From the line that contains "A group of people, one" to the final line below, both included, print each line exactly and skip the pictures.
________________
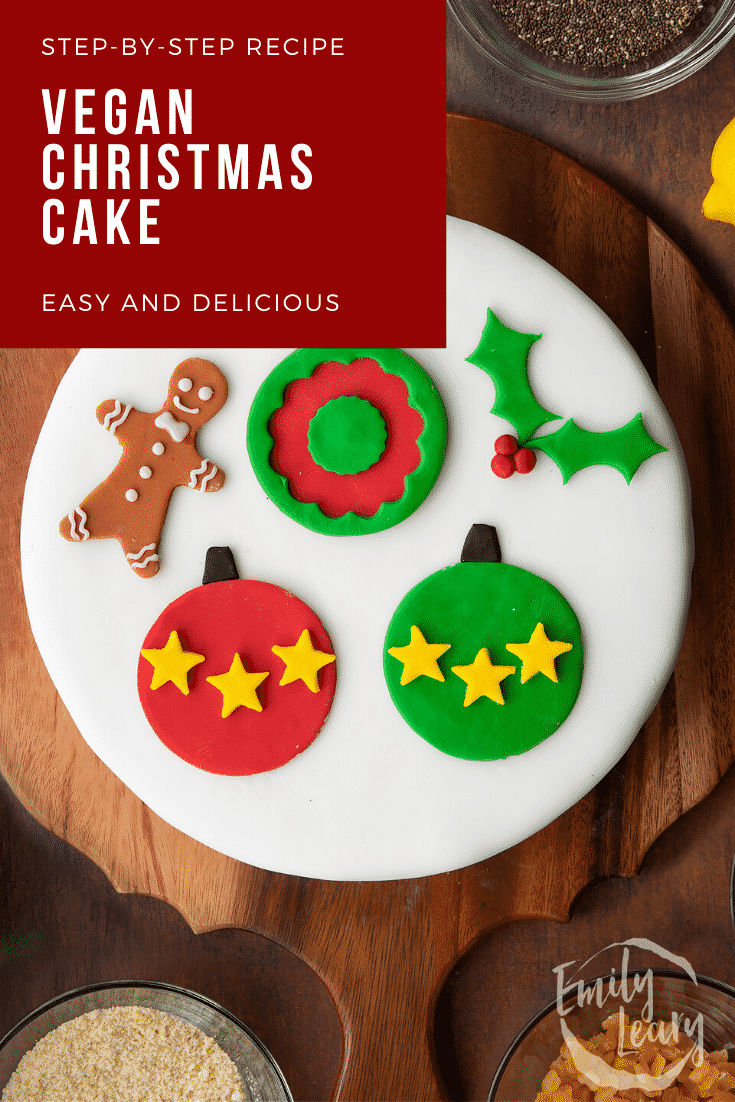 Vegan Christmas cake, decorated with sugar paste decorations. Caption reads: Step-by-step recipe. Vegan Christmas cake. Easy and delicious.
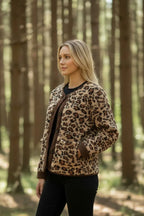 Side profile of the leopard print fleece jacket highlighting the brown corduroy cuff and textured fabric detail.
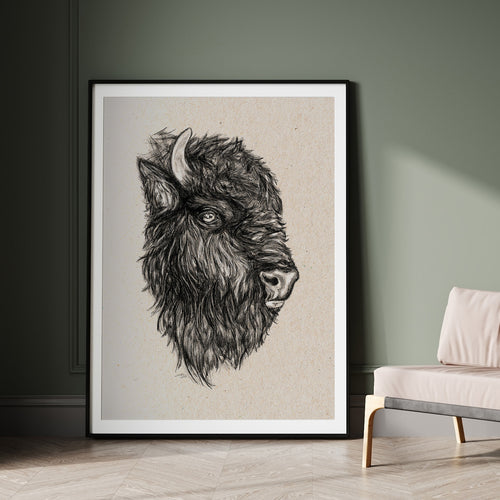 Hand-drawn bison in graphite. Realistic animal portrait on textured paper.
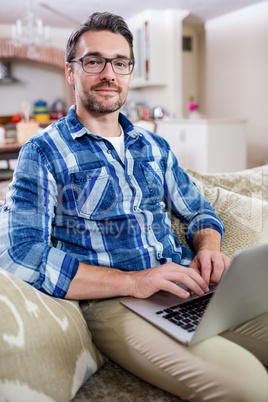 Portrait of man using a laptop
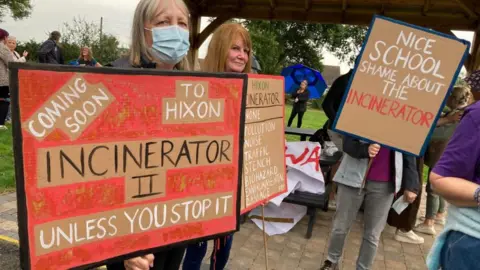 A group of people, one wearing a mask, are holding signs while protesting in a park, next to a park bench. Slogans are written on the signs, 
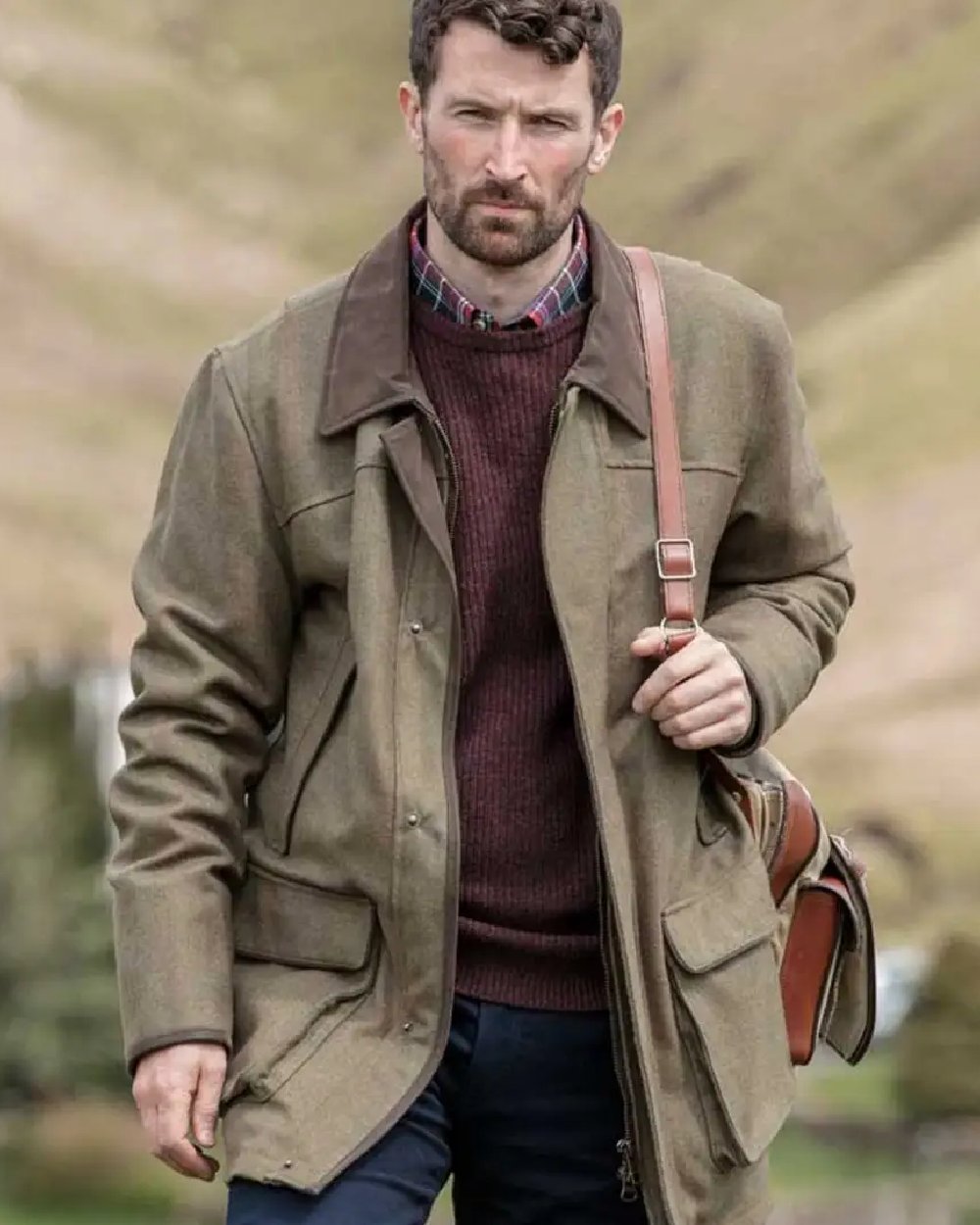 Autumn Bracken Coloured Hoggs of Fife Kinloch Technical Tweed Field Coat on blurry background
________________
WORKED SOLUTION
 A group of people, one wearing a mask, are holding signs while protesting in a park, next to a park bench. Slogans are written on the signs, 
 Autumn Bracken Coloured Hoggs of Fife Kinloch Technical Tweed Field Coat on blurry background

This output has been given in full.